Three- Capture with the standard camera setting. Don’t bother with the HDR mode, it’s better to adjust your image later in a post-processing app which we will talk about later. The standard photo is a 4:3 ratio which will give you a standard image. You might want to consider shooting in square mode if you plan on using instagram, since instagram forces you to use square compositions. This will save you having to crop later and perhaps missing a part of the image that you wanted in or is needed for the composition. Getting it as close to perfect in the capture, then fine tuning later in post is a great rule of thumb.

I saw this composition across the street and waited about 3 minutes for the traffic to clear. Look close, they are all on their phones! I corrected the perspective in Snapseed to make the lines all straight.

I saw this composition across the street and waited about 3 minutes for the traffic to clear. Look close, All but one (who is eating) are on their phones! I corrected the perspective in Snapseed to make the lines all straight.

Four- Turn the flash off. Yup, unless it is really dark, like the inside of club or outside at night and you are shooting a subject less than 7 feet away, the flash (which is really a led light and not a flash at all) will make a crappy photo. There are three settings, off, on, and auto. By default it’s on auto out of the box, you will want to set that to off. I never ever use the flash function, I hate the way it looks. A trick to use if you must shoot in the dark, is have a friend hold up their iPhone and use it as a flash light.
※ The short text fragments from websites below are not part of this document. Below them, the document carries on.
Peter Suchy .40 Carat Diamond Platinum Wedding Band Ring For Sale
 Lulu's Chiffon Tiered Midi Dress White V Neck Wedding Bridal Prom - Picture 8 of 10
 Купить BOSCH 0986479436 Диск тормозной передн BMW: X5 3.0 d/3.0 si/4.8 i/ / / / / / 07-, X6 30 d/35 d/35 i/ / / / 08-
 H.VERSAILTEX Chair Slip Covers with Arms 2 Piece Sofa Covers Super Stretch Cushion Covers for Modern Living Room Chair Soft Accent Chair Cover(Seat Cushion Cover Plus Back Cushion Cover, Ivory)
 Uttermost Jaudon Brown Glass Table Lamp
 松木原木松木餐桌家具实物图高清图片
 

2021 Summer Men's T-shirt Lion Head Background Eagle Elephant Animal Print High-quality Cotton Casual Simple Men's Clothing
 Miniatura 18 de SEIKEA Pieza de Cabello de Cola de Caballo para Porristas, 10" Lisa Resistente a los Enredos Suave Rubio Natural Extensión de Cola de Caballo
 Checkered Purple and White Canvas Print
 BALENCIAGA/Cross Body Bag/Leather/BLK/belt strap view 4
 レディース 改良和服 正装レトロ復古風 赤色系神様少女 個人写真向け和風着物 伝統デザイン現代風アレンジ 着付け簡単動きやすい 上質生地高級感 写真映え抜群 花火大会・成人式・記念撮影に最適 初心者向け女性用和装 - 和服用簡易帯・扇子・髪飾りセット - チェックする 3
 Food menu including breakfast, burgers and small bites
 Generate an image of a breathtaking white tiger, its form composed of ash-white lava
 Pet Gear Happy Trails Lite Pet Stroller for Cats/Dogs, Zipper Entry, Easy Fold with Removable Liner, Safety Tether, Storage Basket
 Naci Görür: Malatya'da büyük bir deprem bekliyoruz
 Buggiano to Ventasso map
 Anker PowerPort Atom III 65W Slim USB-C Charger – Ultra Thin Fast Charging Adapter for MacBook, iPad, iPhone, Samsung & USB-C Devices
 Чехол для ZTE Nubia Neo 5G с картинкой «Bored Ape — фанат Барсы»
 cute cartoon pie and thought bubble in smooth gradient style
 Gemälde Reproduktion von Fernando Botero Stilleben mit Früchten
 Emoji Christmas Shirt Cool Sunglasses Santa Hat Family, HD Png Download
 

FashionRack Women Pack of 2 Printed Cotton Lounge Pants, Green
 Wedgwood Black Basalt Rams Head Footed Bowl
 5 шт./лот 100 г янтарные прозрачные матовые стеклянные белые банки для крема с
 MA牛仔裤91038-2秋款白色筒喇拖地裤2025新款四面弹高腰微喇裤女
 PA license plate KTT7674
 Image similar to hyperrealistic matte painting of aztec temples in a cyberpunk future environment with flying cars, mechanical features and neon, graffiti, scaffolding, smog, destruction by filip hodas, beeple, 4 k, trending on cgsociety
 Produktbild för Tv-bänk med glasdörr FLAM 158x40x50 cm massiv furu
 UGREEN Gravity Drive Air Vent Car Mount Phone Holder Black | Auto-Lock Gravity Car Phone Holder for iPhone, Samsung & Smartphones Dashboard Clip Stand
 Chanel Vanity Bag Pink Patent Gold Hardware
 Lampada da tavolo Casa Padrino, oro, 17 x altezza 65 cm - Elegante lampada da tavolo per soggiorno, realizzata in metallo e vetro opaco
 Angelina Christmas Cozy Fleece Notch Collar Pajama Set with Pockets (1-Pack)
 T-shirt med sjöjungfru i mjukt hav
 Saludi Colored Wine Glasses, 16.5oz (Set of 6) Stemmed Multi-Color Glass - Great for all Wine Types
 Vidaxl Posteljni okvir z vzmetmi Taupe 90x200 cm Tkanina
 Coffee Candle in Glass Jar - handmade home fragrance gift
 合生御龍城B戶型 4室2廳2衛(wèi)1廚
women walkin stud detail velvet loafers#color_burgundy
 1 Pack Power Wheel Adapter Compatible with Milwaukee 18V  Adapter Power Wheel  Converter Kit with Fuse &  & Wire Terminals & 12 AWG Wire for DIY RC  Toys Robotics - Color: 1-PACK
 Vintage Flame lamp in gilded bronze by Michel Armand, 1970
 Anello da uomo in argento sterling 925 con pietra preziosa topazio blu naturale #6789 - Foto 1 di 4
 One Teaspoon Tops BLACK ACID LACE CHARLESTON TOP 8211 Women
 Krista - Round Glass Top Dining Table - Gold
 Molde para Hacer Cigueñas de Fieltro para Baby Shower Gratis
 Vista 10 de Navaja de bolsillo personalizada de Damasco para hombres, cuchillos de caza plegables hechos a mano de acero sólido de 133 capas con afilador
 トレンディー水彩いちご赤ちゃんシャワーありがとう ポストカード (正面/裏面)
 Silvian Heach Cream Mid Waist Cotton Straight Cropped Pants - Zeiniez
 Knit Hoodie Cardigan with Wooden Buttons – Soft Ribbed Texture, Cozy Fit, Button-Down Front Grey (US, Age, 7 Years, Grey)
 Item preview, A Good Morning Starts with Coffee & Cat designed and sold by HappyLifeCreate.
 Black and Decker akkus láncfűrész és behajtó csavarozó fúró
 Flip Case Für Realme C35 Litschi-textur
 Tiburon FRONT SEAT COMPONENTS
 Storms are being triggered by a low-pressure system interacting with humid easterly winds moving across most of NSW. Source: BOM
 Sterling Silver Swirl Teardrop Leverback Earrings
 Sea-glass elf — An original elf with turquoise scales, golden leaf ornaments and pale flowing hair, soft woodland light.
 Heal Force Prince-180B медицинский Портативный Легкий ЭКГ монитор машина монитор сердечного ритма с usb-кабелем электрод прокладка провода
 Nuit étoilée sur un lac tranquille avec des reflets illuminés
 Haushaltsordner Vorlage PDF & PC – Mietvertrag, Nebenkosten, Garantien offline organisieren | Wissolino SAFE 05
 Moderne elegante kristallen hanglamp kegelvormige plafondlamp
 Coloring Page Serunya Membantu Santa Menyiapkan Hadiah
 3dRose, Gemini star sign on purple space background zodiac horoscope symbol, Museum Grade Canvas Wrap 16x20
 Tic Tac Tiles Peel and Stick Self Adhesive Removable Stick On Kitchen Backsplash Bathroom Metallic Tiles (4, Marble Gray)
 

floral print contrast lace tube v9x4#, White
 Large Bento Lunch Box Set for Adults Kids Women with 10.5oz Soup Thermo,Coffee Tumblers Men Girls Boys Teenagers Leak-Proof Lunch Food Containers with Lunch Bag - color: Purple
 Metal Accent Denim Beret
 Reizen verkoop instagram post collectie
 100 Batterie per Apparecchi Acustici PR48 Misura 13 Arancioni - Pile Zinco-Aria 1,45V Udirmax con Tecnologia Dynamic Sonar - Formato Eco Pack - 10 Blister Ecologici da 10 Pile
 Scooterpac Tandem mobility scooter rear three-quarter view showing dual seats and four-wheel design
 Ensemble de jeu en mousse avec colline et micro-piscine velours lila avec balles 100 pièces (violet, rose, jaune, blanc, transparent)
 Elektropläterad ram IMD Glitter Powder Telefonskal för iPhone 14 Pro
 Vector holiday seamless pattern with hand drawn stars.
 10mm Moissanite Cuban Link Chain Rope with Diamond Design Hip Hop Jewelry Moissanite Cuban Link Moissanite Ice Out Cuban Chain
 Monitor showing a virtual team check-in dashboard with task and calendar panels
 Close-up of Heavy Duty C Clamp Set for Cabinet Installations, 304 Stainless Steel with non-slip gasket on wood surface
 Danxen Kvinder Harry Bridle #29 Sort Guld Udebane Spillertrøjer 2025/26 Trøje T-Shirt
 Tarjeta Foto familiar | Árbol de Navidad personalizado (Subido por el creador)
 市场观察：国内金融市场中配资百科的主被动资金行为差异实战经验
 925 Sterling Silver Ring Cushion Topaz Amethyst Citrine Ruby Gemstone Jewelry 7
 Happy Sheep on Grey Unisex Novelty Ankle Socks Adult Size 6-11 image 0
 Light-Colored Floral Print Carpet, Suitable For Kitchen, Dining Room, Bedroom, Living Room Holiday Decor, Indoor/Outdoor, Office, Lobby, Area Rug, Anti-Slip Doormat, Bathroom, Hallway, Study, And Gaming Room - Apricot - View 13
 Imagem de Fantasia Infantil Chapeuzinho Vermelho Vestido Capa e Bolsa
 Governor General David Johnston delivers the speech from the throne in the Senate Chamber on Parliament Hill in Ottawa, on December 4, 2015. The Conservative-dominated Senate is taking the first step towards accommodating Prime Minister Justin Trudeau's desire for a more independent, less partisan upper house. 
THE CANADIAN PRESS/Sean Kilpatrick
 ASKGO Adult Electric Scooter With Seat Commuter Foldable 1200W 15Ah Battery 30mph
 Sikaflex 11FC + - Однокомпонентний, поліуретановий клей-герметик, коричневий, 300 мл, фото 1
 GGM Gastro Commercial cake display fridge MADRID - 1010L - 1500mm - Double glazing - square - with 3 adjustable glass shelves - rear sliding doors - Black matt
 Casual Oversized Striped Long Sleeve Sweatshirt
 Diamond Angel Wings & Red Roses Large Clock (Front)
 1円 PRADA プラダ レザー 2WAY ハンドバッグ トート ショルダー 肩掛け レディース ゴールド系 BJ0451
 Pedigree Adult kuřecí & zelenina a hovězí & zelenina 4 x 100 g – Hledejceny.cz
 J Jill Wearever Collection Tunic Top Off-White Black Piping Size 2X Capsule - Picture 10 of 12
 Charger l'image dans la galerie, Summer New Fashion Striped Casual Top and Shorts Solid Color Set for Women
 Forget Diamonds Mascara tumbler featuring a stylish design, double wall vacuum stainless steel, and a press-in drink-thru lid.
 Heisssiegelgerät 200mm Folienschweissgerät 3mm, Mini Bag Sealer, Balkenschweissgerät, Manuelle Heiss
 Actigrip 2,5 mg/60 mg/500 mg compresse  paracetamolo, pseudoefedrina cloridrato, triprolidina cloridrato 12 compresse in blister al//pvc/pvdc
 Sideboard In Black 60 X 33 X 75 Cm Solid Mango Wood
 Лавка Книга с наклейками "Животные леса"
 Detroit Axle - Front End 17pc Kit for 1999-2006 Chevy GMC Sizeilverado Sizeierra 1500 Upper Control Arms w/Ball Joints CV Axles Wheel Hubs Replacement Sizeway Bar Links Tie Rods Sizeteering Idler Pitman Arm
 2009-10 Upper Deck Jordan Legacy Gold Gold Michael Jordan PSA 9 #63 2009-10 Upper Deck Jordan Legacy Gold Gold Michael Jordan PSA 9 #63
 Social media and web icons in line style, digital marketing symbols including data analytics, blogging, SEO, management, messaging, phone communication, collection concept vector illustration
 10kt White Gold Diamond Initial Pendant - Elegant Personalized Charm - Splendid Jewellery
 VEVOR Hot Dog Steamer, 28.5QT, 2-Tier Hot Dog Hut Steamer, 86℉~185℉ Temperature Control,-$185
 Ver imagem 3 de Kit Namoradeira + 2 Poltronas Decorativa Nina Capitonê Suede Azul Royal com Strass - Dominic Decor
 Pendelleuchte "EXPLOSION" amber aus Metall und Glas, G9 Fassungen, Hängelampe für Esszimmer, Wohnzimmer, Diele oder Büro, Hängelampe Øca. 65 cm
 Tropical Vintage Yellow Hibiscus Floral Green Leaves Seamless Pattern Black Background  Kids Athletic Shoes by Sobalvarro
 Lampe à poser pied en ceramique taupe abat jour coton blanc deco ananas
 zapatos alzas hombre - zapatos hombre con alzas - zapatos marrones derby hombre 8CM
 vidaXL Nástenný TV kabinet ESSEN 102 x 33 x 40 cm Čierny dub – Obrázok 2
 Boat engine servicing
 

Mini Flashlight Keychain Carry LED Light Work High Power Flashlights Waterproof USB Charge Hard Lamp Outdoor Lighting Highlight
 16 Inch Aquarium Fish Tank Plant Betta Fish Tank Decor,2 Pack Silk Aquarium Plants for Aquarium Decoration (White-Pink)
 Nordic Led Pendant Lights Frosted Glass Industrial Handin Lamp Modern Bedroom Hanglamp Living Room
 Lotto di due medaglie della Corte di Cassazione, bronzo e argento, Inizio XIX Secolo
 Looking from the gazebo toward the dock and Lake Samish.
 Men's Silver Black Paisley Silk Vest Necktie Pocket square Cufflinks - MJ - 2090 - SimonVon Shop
This way, the angle of light gives shape as opposed to your flash right next to the lens making a flat over exposed image.

Go ahead, be that person who posts their food, but make sure it looks good! If you can't shoot your dish in good light then just don't. Use the table cloth to add to the ambiance, feel free to arrange the salt shaker and utensils so it looks good. Never use the flash!

Go ahead, be that person who posts their food, but make sure it looks good! If you can’t shoot your dish in good light then just don’t. Use the table cloth to add to the ambiance, feel free to arrange the salt shaker and utensils so it looks good. Never use the flash!

Five- Use minimal if any zoom. Any zooming you do by pinching the image will digitally zoom it, and it’s better to just do that in a post app. I advocate if you are good with composition to use a little bit of zoom if you can’t physically get closer, like a shooting a building across a busy street, but really cropping should be done in post to maintain quality. When you have to 8 to 12 megapixels like the iPhone has, you have plenty of pixels to crop in post. Also, your focus can be tricked if you zoom heavily.

Street shooting with the IPhone you never miss a shot. Just keep an eye on the street signs so you don't get a ticket ;-)

Street shooting with the IPhone you never miss a shot. Just keep an eye on the street signs so you don’t get a ticket 😉

Six- Use the best app ever invented, and that is Snapseed. Invented by Nik and then acquired by Google, Snapseed does it all. I love Snapseed because it’s free, and it’s spectacular. I used to advocate Adobe PS Express and Camera bag but Google has super charged Snapseed into a beast of an app. And did I mention it’s free? Every image you see on this page was captured with the iPhone, then opened up with Snapseed and edited. I suggest you subscribe to this blog, I’ll be posting a Snapseed tutorial soon.

NY Harbor from a tall building in Battery Park. the Drama filter in Snapseed just really brings out the rays of light and clouds.

NY Harbor from a tall building in Battery Park. the Drama filter in Snapseed just really brings out the rays of light and clouds.

Well there you have it. Six tips to make you iPhone experience rock. Keep shooting!

~David

The house I summered in when I was a kid in the 70's. Bradley Beach.

The house I summered in when I was a kid in the 70’s. Bradley Beach.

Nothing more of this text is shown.